Requirement: Word for word, print each record, dropping any image it holds.
===== Input data
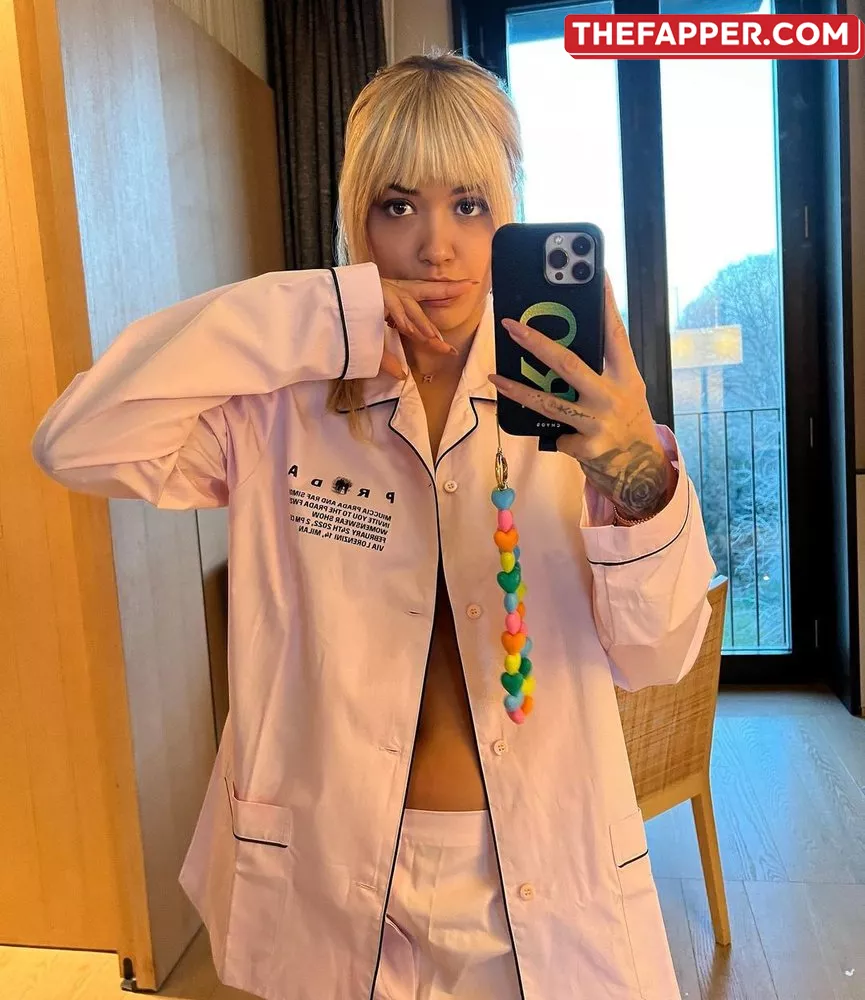Rita Ora  Onlyfans Leaked Nude Image #YgUlz7GJTn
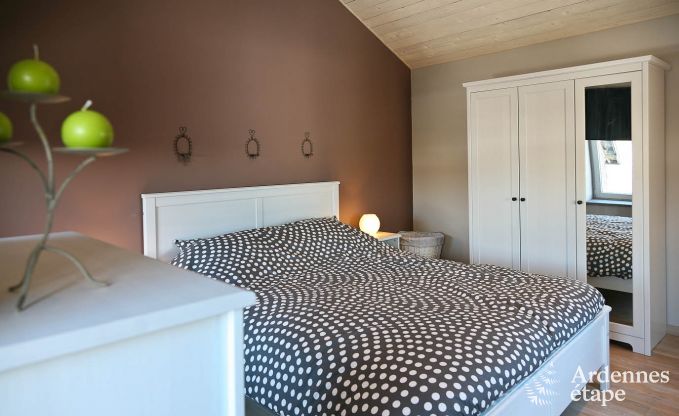 Ferienhaus Vielsalm 2 Pers. Ardennen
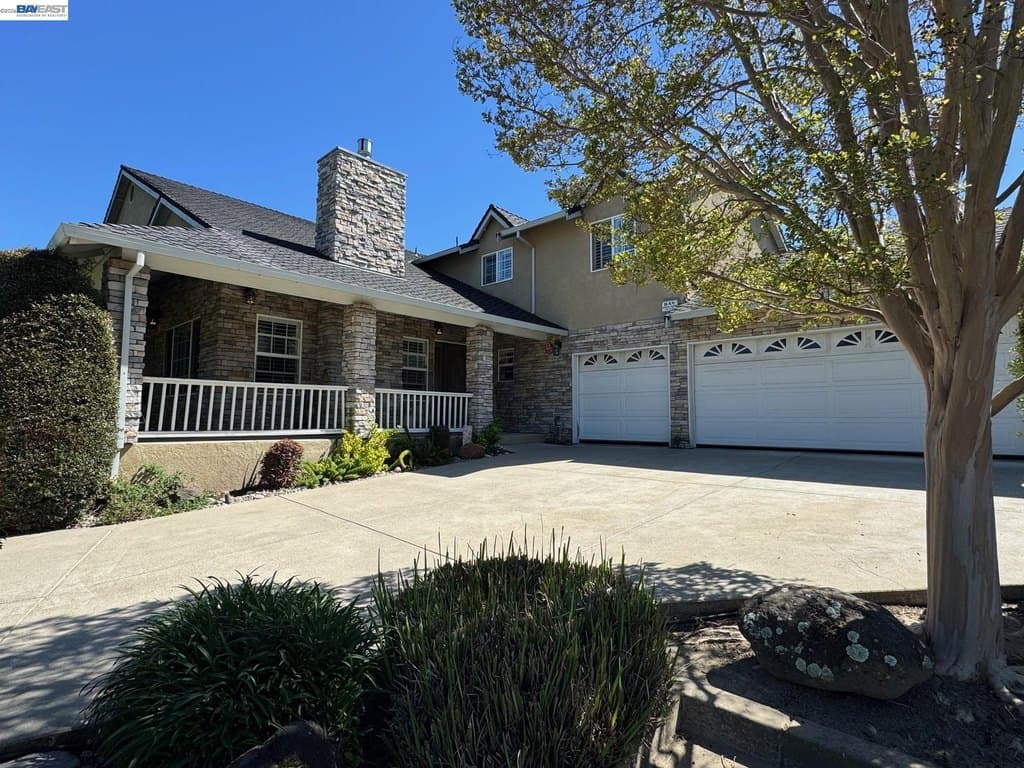 5 bedroom house for sale at 4205 Quail Hollow Pl Castro Valley - $1,888,000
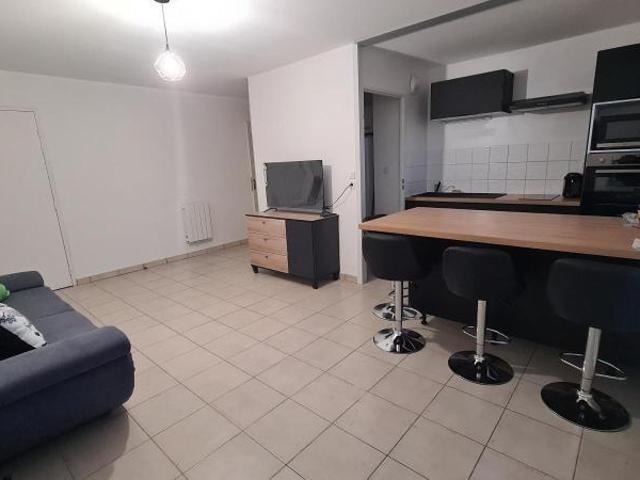 Appartement meublé 2 pièces 45 m²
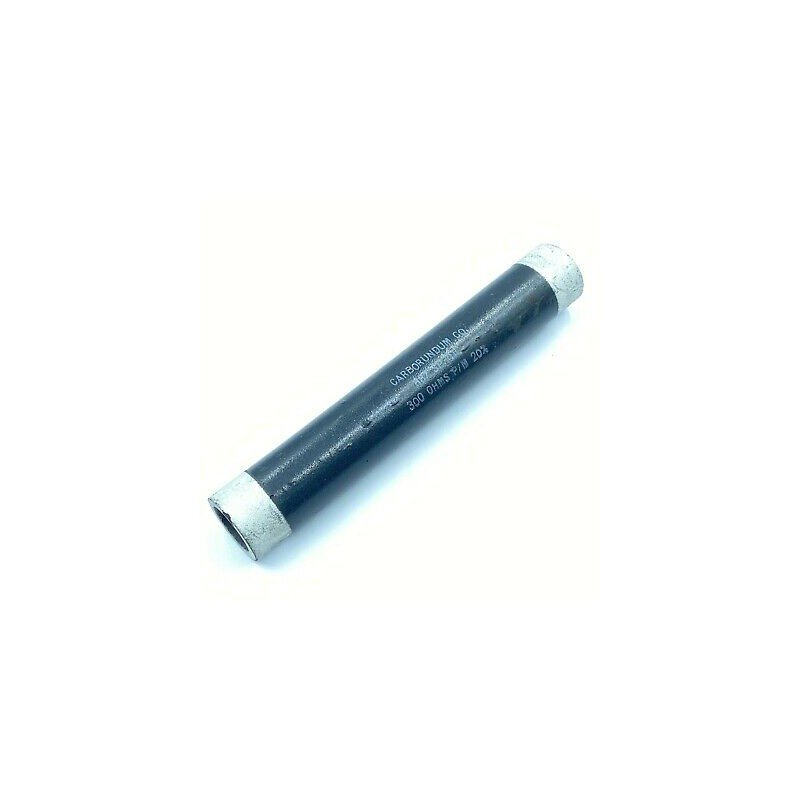 300Ohm 300R NON INDUCTIVE RESISTOR 887SP301L CARBORUNDUM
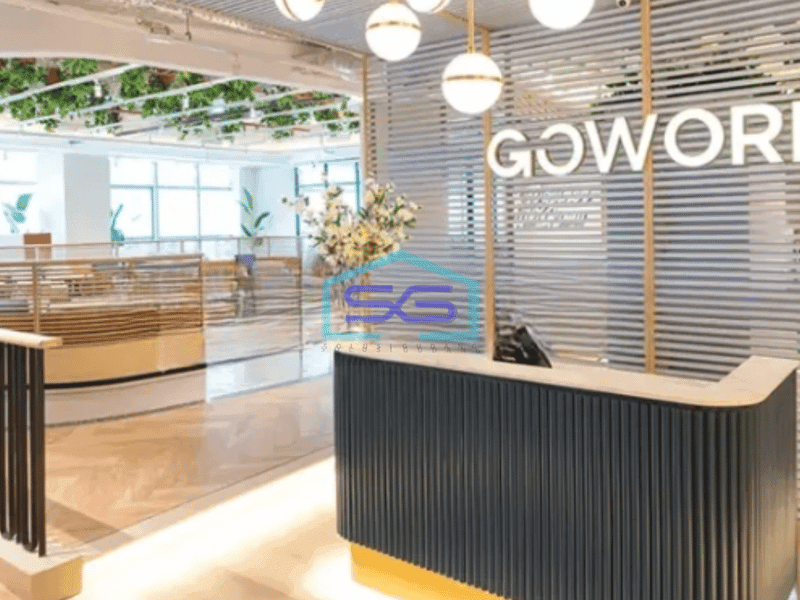 Disewakan Kantor di Green Park Office BSD Untuk Individual dan Tim Luas Bangunan 1000 m²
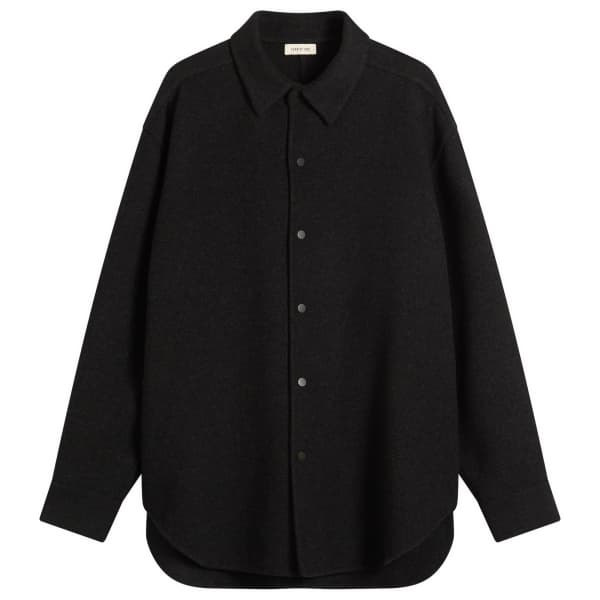 Верхняя рубашка Fear Of God, цвет charcoal
Верхняя рубашка Fear Of God, цвет charcoal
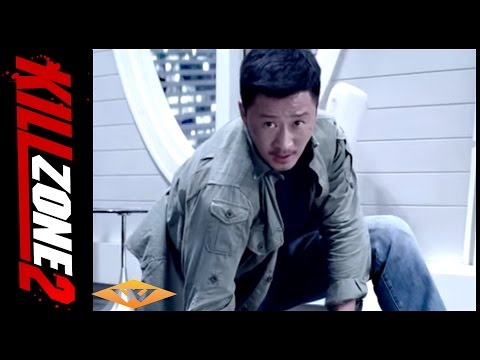 KILL ZONE 2 (2016) Movie Clip: Knife Fight Scene - Featuring Tony Jaa - Well GO USA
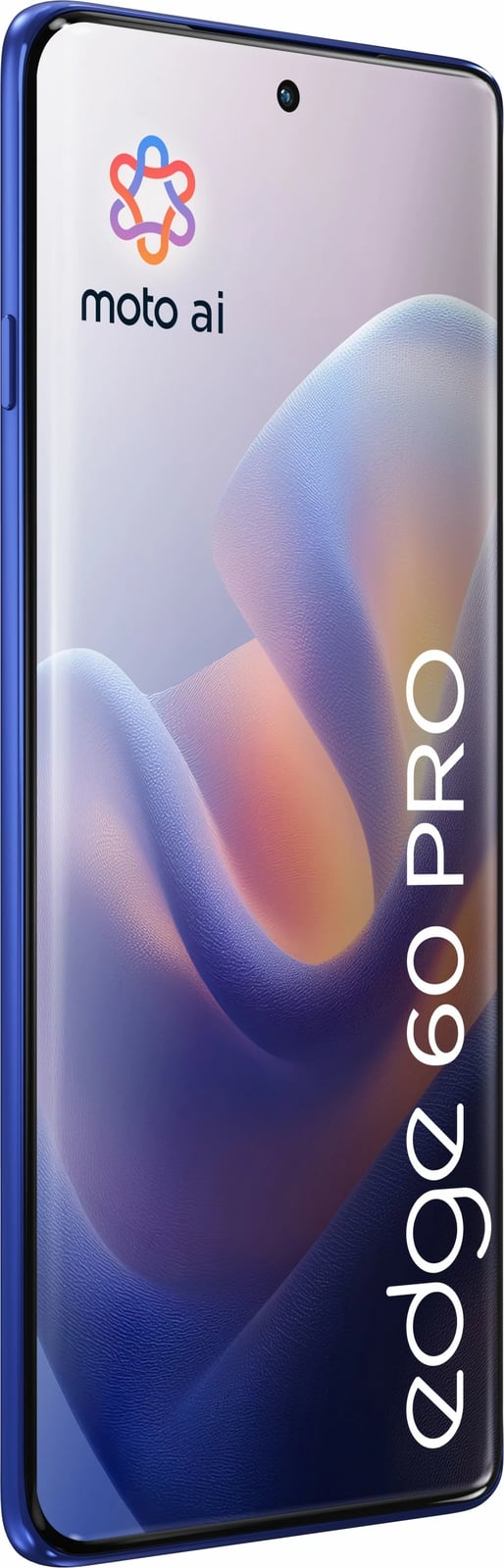 Celular Motorola Edge 60 Pro 12-512GB Dazzling Blue
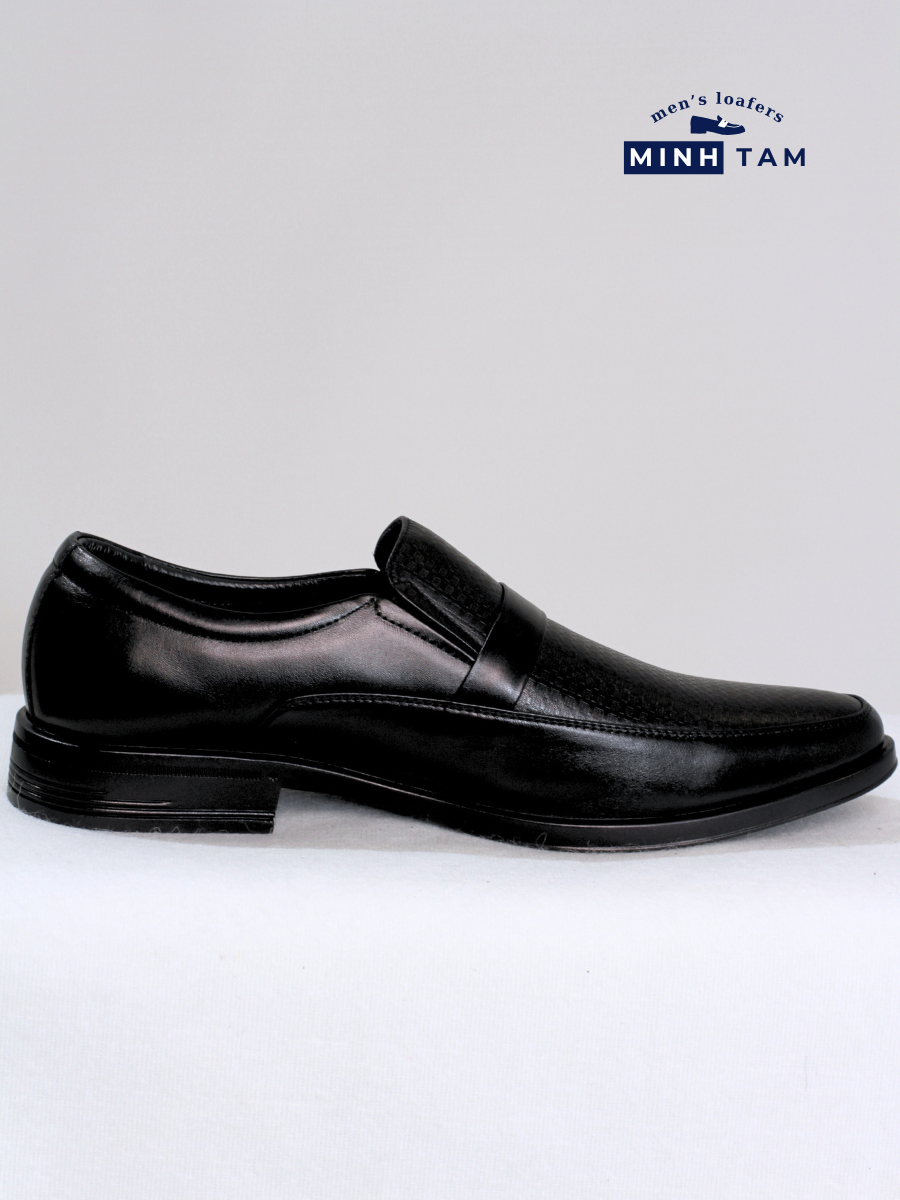 Giày Lười Da Nam Minh Tâm TM2599 – Sự Kết Hợp Hoàn Hảo Giữa Chỉn Chu & Phong Cách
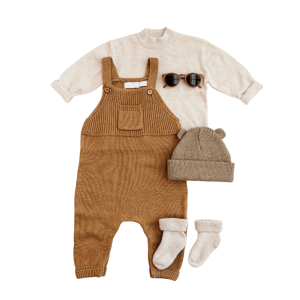 Baby Boy Winter Outfit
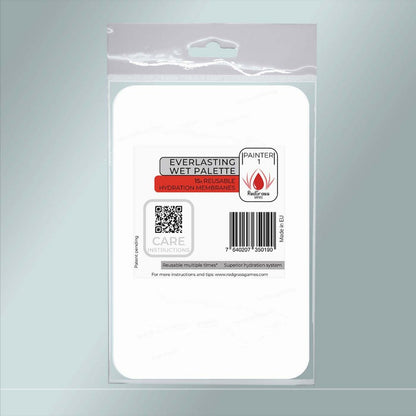 REDGRASS GAMES: PAINTER LITE WET PALETTE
==========
Output for this exercise:
Rita Ora  Onlyfans Leaked Nude Image #YgUlz7GJTn
 Ferienhaus Vielsalm 2 Pers. Ardennen
 5 bedroom house for sale at 4205 Quail Hollow Pl Castro Valley - $1,888,000
 Appartement meublé 2 pièces 45 m²
 300Ohm 300R NON INDUCTIVE RESISTOR 887SP301L CARBORUNDUM
 Disewakan Kantor di Green Park Office BSD Untuk Individual dan Tim Luas Bangunan 1000 m²
 Верхняя рубашка Fear Of God, цвет charcoal
Верхняя рубашка Fear Of God, цвет charcoal
 KILL ZONE 2 (2016) Movie Clip: Knife Fight Scene - Featuring Tony Jaa - Well GO USA
 Celular Motorola Edge 60 Pro 12-512GB Dazzling Blue
 Giày Lười Da Nam Minh Tâm TM2599 – Sự Kết Hợp Hoàn Hảo Giữa Chỉn Chu & Phong Cách
 Baby Boy Winter Outfit
 REDGRASS GAMES: PAINTER LITE WET PALETTE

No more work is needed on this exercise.